Evet, şehirde İngilizce konuşulmakta ama burada konuşulan İngilizce aksan olarak, ülkenin diğer yerlerinde konuşulandan çok farklıdır. Kötü bir aksanları ve kendilerine özgü İngilizce terimleri vardır.

Hatta: şehirdeki bazı yerlerde, Liverpool İngilizcesi terimleri kitapları satıldığını görürseniz şaşırmayın. Anlaşılması zor bir aksanla İngilizce konuşuyorlar, buna hazırlıklı olmanızı ve hani olur da, İngilizce dilinizi geliştirmek için buranın sokaklarını ve caddelerini tercih etmemeniz önerilir.

 

ÜNİVERSİTELER

Liverpool Üniversitesi

1881 yılında Kraliçe Victoria döneminde kurulan bu üniversite: önce kolej olarak kurulmuşsa da, sonradan 1903 yılında üniversite statüsüne alınmıştır. Bir çok bölümü bulunan üniversitede: günümüzde 21 bin civarında öğrenci bulunduğu söyleniyor.

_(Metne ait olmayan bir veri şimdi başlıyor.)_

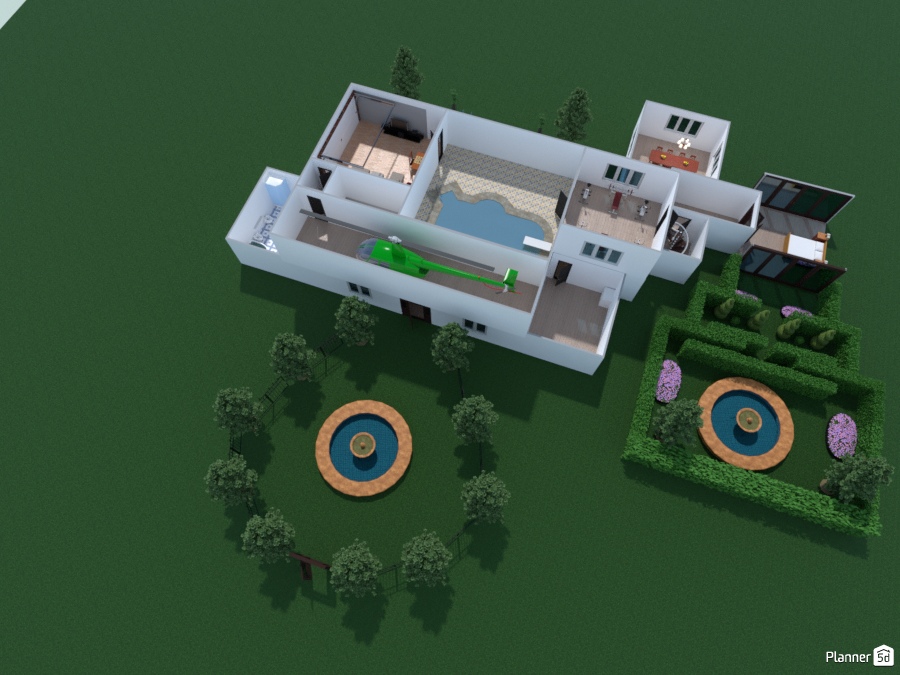 maths project #2327272 by proJM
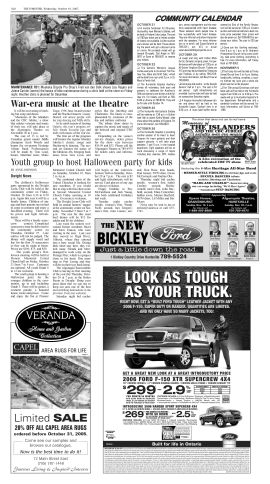 903_2005-10-19_20_0020.pdf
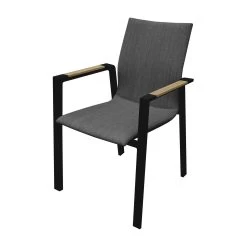 Royal Seasons DETROIT Tuinstoelen Set -Tuin Decor Verkoop royal seasons detroit tuinstoelen set 1500x1500 63ea2db9e4f49 l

Liverpool Tropik Tıp Okulu

İngiltere’de uluslar arası deniz ticareti nedeniyle oluşan tıp sorunlarını çözmek için kurulmuştur. Burası: dünyanın birçok bölgesine ait hayvanların zehirlerinin saklandığı ve üzerinde araştırmalar yapıldığı bölümler nedeniyle, dünya üzerinde nadir kurumlardan birisidir.

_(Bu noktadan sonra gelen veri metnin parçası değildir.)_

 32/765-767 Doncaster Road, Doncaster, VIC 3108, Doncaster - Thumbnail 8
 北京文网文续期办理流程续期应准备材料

Liverpool John Moores Üniversitesi

1970 yılında Liverpool Politeknik üniversitesine bağlı olarak kurulan bu eğitim kurumu, 1992 yılında özerk üniversite statüsünü kazanmıştır. Üniversitenin adı: 20. yüzyılda şehirde perakende satışlar ve futbol loto şirketi olan “Littlewoods”un sahibi ve idarecisi John Moores anısına verilmiştir. Günümüzde üniversitenin 25 bin civarında öğrencisi bulunduğu söyleniyor.

 

Liverpool Hope Üniversitesi

2005 yılında özerk üniversite statüsünü kazanmıştır. Daha önce, karışık dinsel özellikler taşıyan dinsel bir öğretmen okulu statüsünde idi. Günümüzde üniversitenin 8 bin civarında öğrencisi bulunduğu söyleniyor.

 

FUTBOL

Şehirde, İngiliz Premier Ligine atılan iki futbol takımı bulunmaktadır. Bunlar: Everton ve Liverpool dur. Önce Everton takımı kurulmuş olup kuruluş tarihi 1878 yılıdır.

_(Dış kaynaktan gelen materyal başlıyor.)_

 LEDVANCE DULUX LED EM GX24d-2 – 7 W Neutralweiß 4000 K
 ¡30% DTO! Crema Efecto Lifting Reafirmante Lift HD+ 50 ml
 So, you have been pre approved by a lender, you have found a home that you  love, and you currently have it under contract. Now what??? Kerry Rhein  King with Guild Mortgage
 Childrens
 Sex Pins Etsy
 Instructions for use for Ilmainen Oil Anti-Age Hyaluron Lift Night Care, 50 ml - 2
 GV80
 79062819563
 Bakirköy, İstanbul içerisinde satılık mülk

Liverpool takımı ise: o zamana kadar Anfield stadında maçlarını yapan Everton futbol takımının, stadyumun sahibi ile arasında çıkan anlaşmazlık sonucu, bu stadyumu terk etmesinin ardından, stadyumun sahibinin girişimleri ile 1892 yılında kurulmuştur.

Takım, 1962 yılından bu yana, İngiltere’de sürekli olarak en üst ligde oynamaktadır.

Her iki takımın da kendi stadyumları bulunmaktadır.

Öte yandan: 1888 yılında İngiltere Football Leaguenin kurulmasından bu yana: Liverpool şehri, her sezon ligin en üst basamağında futbol oynanan tek İngiliz şehri olarak bilinmektedir.

Goodison Park Stadı

1892 yılından bu yana, Everton futbol takımı, maçlarını burada yapmaktadır.

 

Anfield Stadı

Liverpool futbol takımı, 1892 yılından bu yana maçlarını burada oynamaktadır. Stadyum: 1970’li yılların başında yenileştirilip büyütülmüştür.

Günümüzde stadyum 45 bin seyirci kapasitelidir. Burada: Liverpool kulübü bünyesinde, genç sporcuların yetiştirilmesi için kurulun “The Academy” isimli yetiştirme kurumu bulunmaktadır.

 

BEATLES

Beatles: 1960’lı yıllarda Liverpool şehrinin en ünlü pop gurubudur. Dünya çapında 1 milyardan fazla albüm sattıkları biliniyor.

Gurubun üyeleri: John Lennon (1940-1980), Paul McCartney (1942 doğumlu), George Harrison (1943-2001) ve Ringo Star (1940 doğumlu). Beatles kayıtlarının çoğunu George Martin üretmiştir.

Beatles gurubuna: genç kızların ilham çığlıkları atmaları ve bayılmaları nedeniyle, fenomen İngiliz basını tarafından “Beatlemania” olarak lakap takılmıştır. 1963 yılında: İngiltere’de çok büyük sansasyon yarattılar. 1964 yılında ise, Kuzey Amerika’ya geldiler ve gurubun popülitesi, dünya çapına yayıldı. 1970 yılına gelindiğinde, gurup dağıldı.

Evet, Beatles gurubunun ve müziğinin Liverpoollular tarafından sahiplenilmesinin en büyük nedeni, gurubun üyelerinin burada doğmuş olmaları ve ilk çıkışlarını yani popülerliklerini burada kazanmalarıdır.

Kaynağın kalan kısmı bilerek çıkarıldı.